BEGIN THE RECORDS

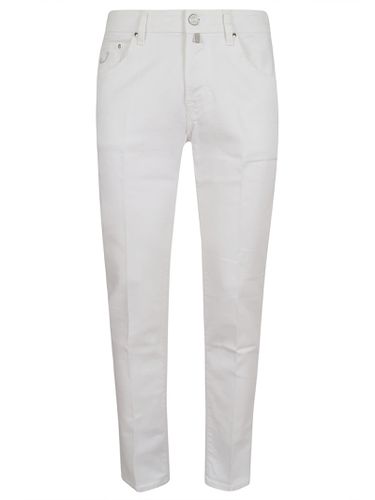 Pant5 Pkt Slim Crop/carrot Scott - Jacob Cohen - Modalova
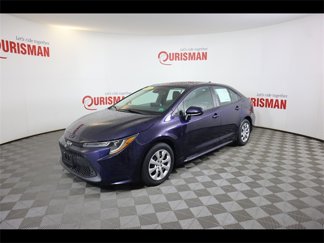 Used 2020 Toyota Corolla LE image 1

END THE RECORDS
BEGIN THE RECORDS

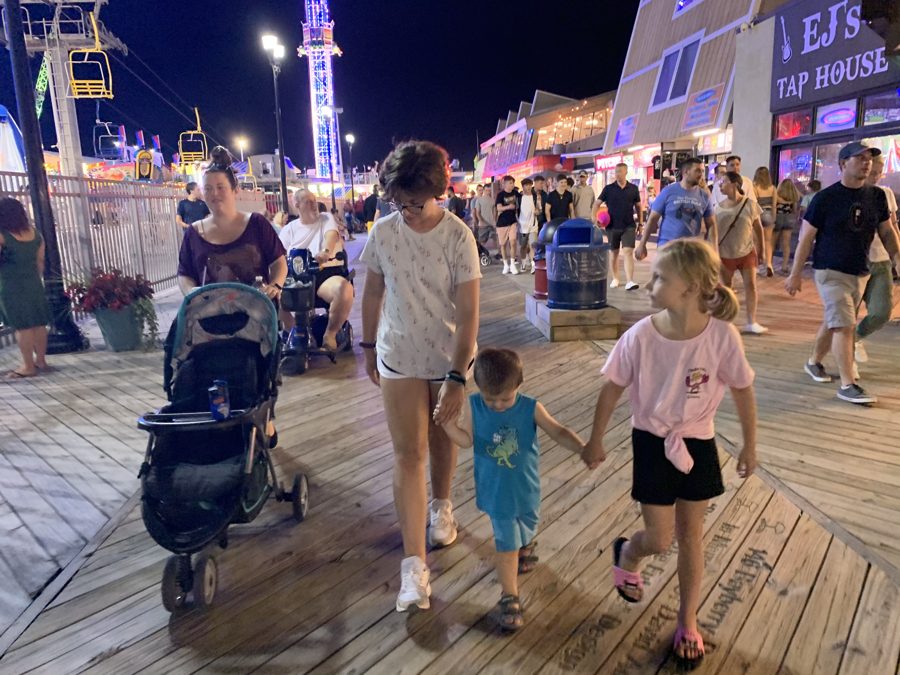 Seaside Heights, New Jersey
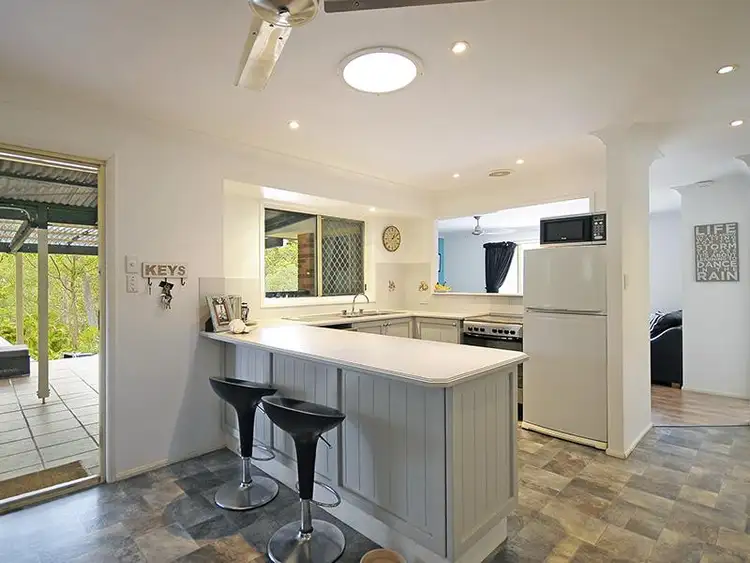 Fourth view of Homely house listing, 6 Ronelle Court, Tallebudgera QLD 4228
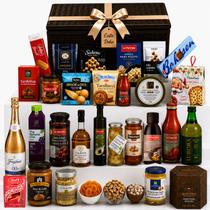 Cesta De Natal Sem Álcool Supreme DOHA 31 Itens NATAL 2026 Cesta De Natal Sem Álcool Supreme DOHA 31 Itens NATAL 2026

END THE RECORDS
BEGIN THE RECORDS

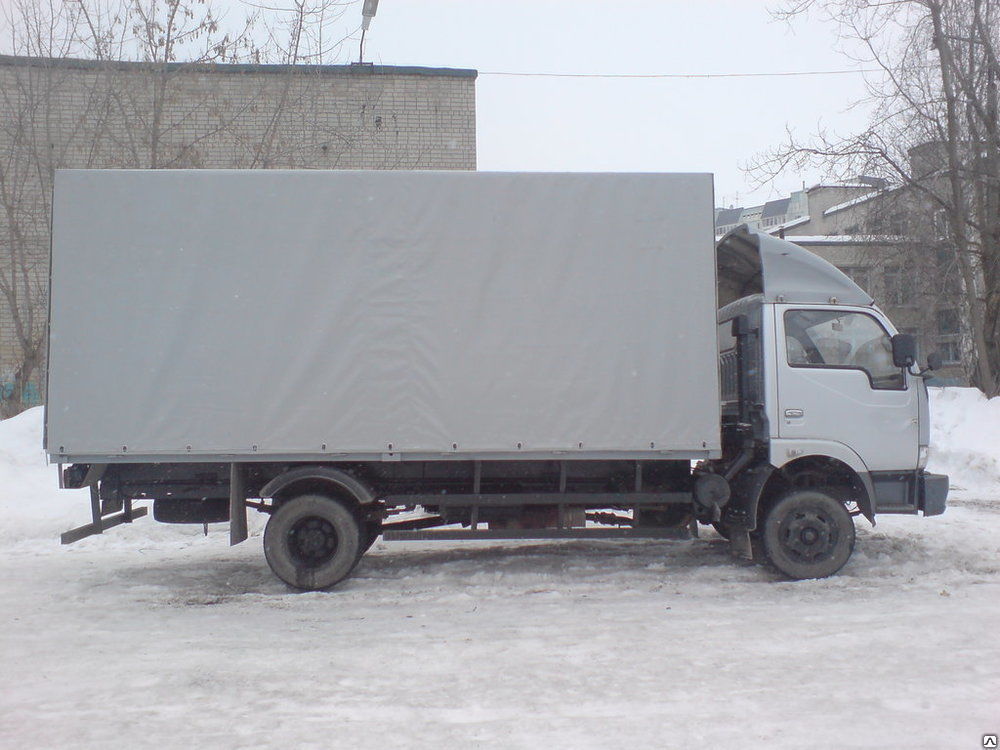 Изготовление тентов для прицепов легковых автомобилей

END THE RECORDS

— WHAT NEEDS TO BE DONE —
"Fourth view of" marks the first line to copy, and "NATAL 2026 Cesta" marks the last. Repeat that stretch above exactly, with no pictures.

— ANSWER FOR THIS EXERCISE —
 Fourth view of Homely house listing, 6 Ronelle Court, Tallebudgera QLD 4228
 Cesta De Natal Sem Álcool Supreme DOHA 31 Itens NATAL 2026 Cesta De Natal Sem Álcool Supreme DOHA 31 Itens NATAL 2026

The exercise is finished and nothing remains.